Внизу никого не было, кроме толстой маленькой вахтерши за стеклом. Я безответно поздоровался с ее взглядом и, миновав ее и вахтенную решетку, свернул налево. И чем ближе, тем все больше холодел от того, что письма там, на почтовой полочке, лежали в малых, «квадратных» конвертах, ровной стопкой, а «длинных», которые не влазили и от того изгибались, среди них не было. Ужасно крайне было отчетливо увидеть и понять:
Я перебрал пальцами всю стопку, чувствуя, как колотится сердце уже и в голове, и вернул ее обратно. Ничего теперь от меня не зависело. Я очень сильно, действительно без преувеличения, до ужаса, оторопел. Было ощущение, что из противоположного конца коридора сейчас может хлынуть вода. С растущим шумом – потоп, которому нужен буду я. Вместе с тем в глубине я был рад, до крохотной бесконечности. Казалось, сердце может лопнуть, как аневризма, или, если не сердце, то сосуды у меня в мозгу. Другой поток подхватил меня и снова вынес на мороз, где, наконец, в парке, я осмелился, присев на корточки, закурить. Теперь не было выбора – самое худшее или самое лучшее было впереди, в самом недалеком будущем. От этого потряхивало руки.
Страшнее всего было с ней встретиться именно теперь. В животе кишели ящерки. Я мысленно уверял себя, что вероятность этого очень небольшая, и что встреча с ней именно сейчас будет высшей несправедливостью, но продолжал бояться и зябко трястись, прислушиваясь и всматриваясь в темно-полосатую от стволов темень, и все смотрел и смотрел на светлые желто-оранжевые окна, не зная, что делать дальше.

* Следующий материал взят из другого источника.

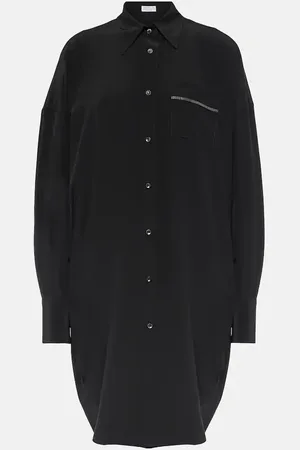 Brunello Cucinelli Oversized silk shirt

Войти решился только перед самым закрытием общежития, почти в час. Оставаться на ночь на улице голодным и уставшим представлялось мне маловозможным. Опять миновав вахтенное ограждение, я глянул на вахтершу сквозь стекло и, повернув направо, быстро и осторожно пошел к себе. Почтовые ячейки были в противоположной стороне, я уходил от них. На лестнице я с минуту стоял неподвижно, вслушиваясь и прекрасно понимая, что бежать в сущности некуда. Но услышь я тогда чье-нибудь приближение – бросился бы обратно, мимо вахтенной каморки, только бы прочь. Нервы ни к черту! Совершенно никакого самообладания не было у меня в тот момент. Колени пружинили и, к счастью, было тихо. Я начал медленно подниматься.

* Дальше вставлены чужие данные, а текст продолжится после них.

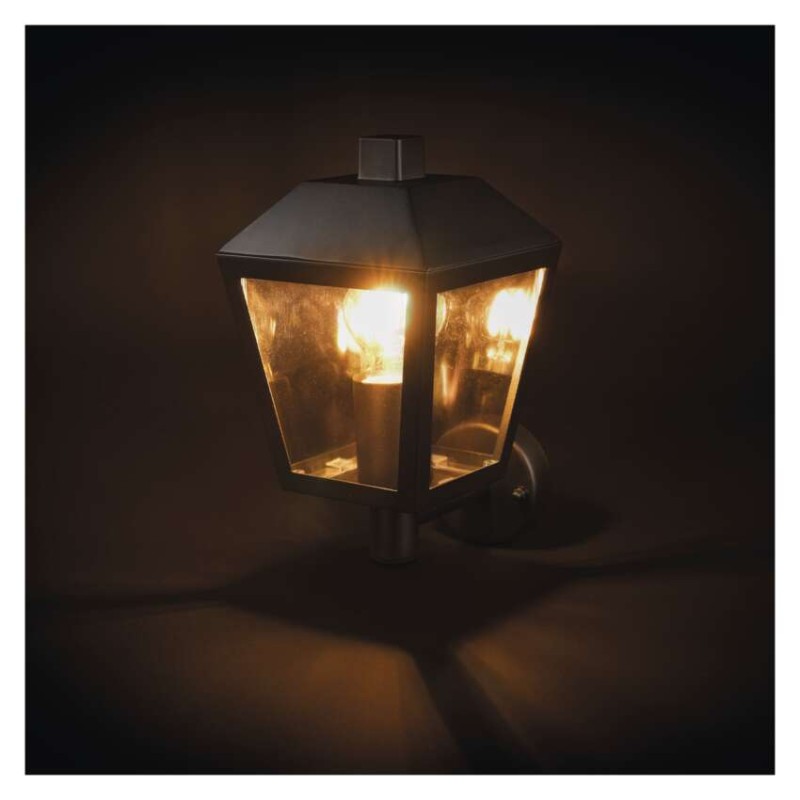 Emos ZGB010P ADENIA venkovní nástěnné svítidlo E27 198 × 150 × 278 mm  IP44 černá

Если ее сейчас не будет в комнате – а я все не мог отделаться от бредовой мысли, что она может меня ждать там – то завтра она придет, чтобы швырнуть в меня рваные бумажки и разные ужасные слова, полные возмущения и неприязни. И когда, брошенные в меня, они, наконец, опадут на пол такими вертящимися белыми листочками, я умру. Я тяжело думал о том, какой крах в тот миг меня накроет, и какое при этом будет у меня пунцовое или напротив бледное лицо, и я буду абсолютно беззащитен и размят. При этом с невероятной силой я буду хотеть провалиться куда-нибудь в другое место – от ощущения, что вот-вот вспыхнешь.

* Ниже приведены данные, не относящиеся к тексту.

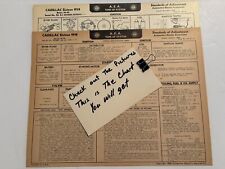 AEA Tune-Up Chart System 1938 Cadillac Sixteen Model  38-90 picture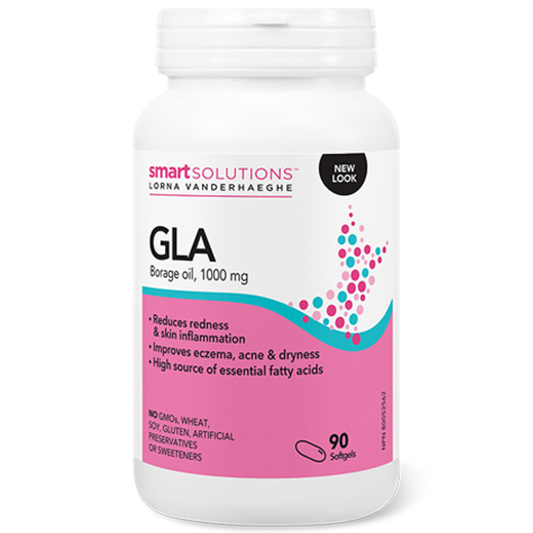 Smart Solutions GLA Borage Oil 1000 mg, 90 Softgels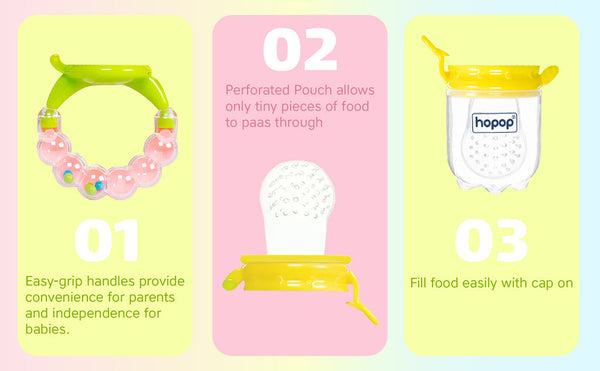 Hopop Food & Fruit Nibbler For Fruit And Veggies - Pink & Purple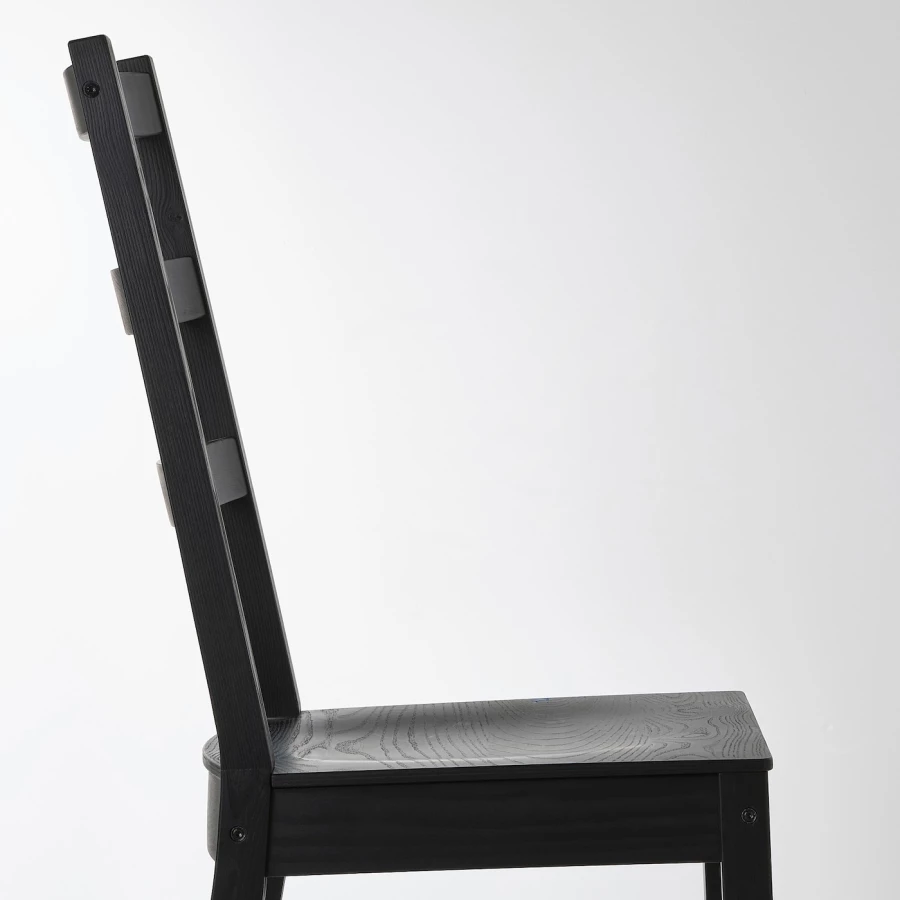 Стол и 4 стула - NORDVIKEN / NORDVIKEN IKEA/ НОРДВИКЕН  ИКЕА,  74/104x74 см, черный (изображение №7)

Было тихо, и я вздохнул. Закрыв спиной дверь, и выслушав, как осторожно щелкнул замочный язычок, снял верхнюю одежду и осмелился включить настольную лампу. Спустя еще некоторое время я лежал, еще ощущая на зубах сладость от хлеба с вареньем, и думал о том, что, судя по всему: Лена не приходила, пока меня не было.